(Records for this task)

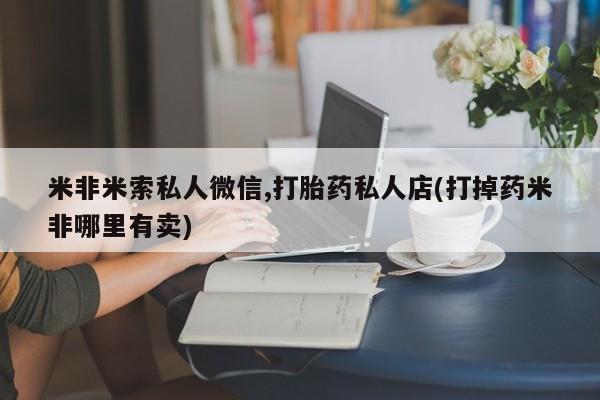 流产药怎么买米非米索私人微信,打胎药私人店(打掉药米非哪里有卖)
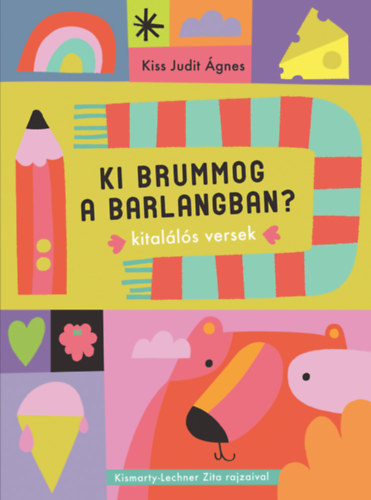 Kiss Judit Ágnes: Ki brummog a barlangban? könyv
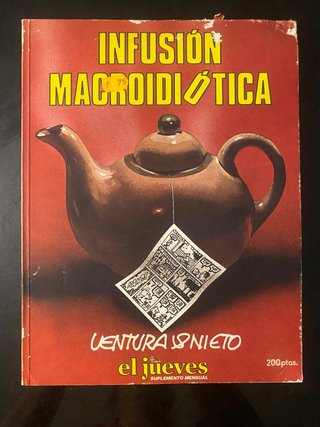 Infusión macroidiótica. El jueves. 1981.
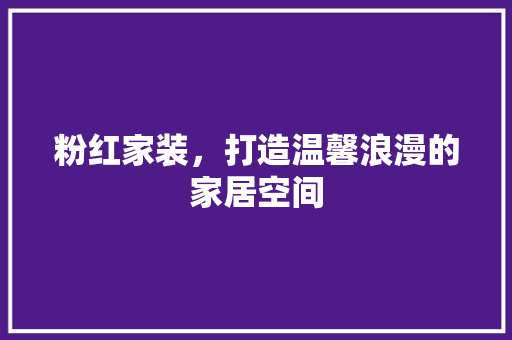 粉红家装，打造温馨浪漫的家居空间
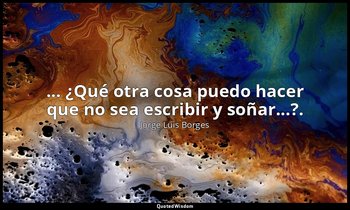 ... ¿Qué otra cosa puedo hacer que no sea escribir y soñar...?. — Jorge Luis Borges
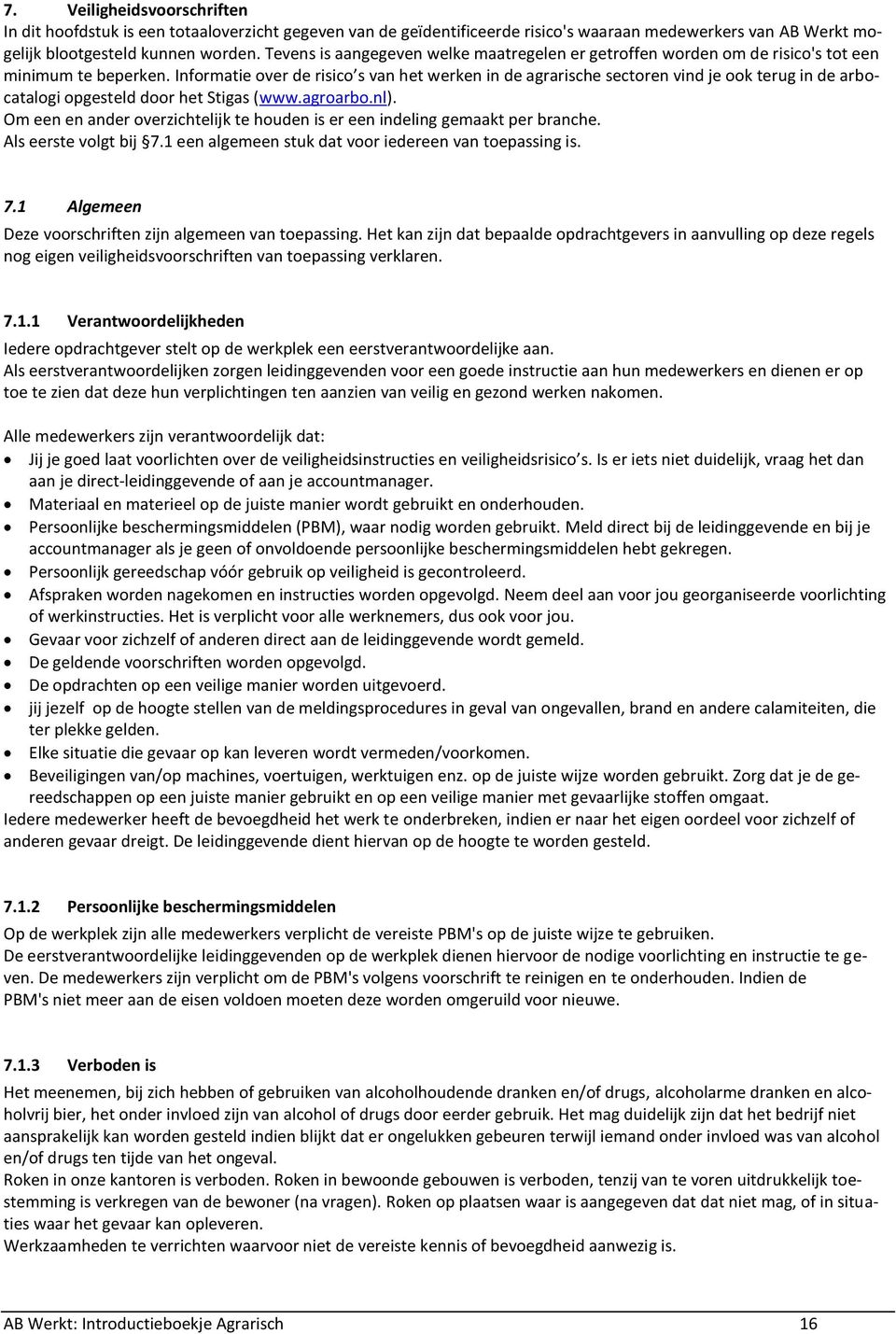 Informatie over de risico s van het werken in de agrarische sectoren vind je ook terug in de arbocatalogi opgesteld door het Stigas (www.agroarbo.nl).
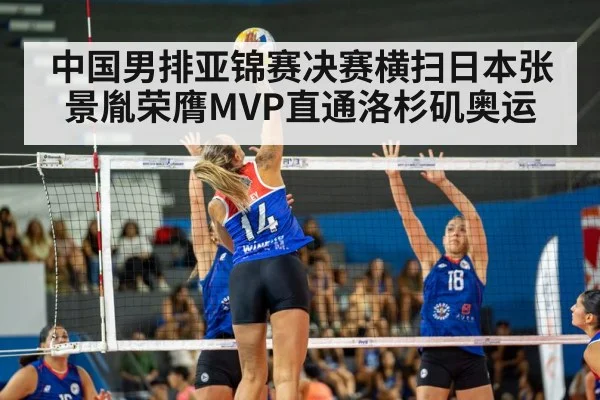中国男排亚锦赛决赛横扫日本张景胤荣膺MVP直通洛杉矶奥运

(End Records for this task)

[What to produce]
Give back all the data exactly, minus pictures.

[Result]
 流产药怎么买米非米索私人微信,打胎药私人店(打掉药米非哪里有卖)
 Kiss Judit Ágnes: Ki brummog a barlangban? könyv
 Infusión macroidiótica. El jueves. 1981.
 粉红家装，打造温馨浪漫的家居空间
 ... ¿Qué otra cosa puedo hacer que no sea escribir y soñar...?. — Jorge Luis Borges
 Informatie over de risico s van het werken in de agrarische sectoren vind je ook terug in de arbocatalogi opgesteld door het Stigas (www.agroarbo.nl).
中国男排亚锦赛决赛横扫日本张景胤荣膺MVP直通洛杉矶奥运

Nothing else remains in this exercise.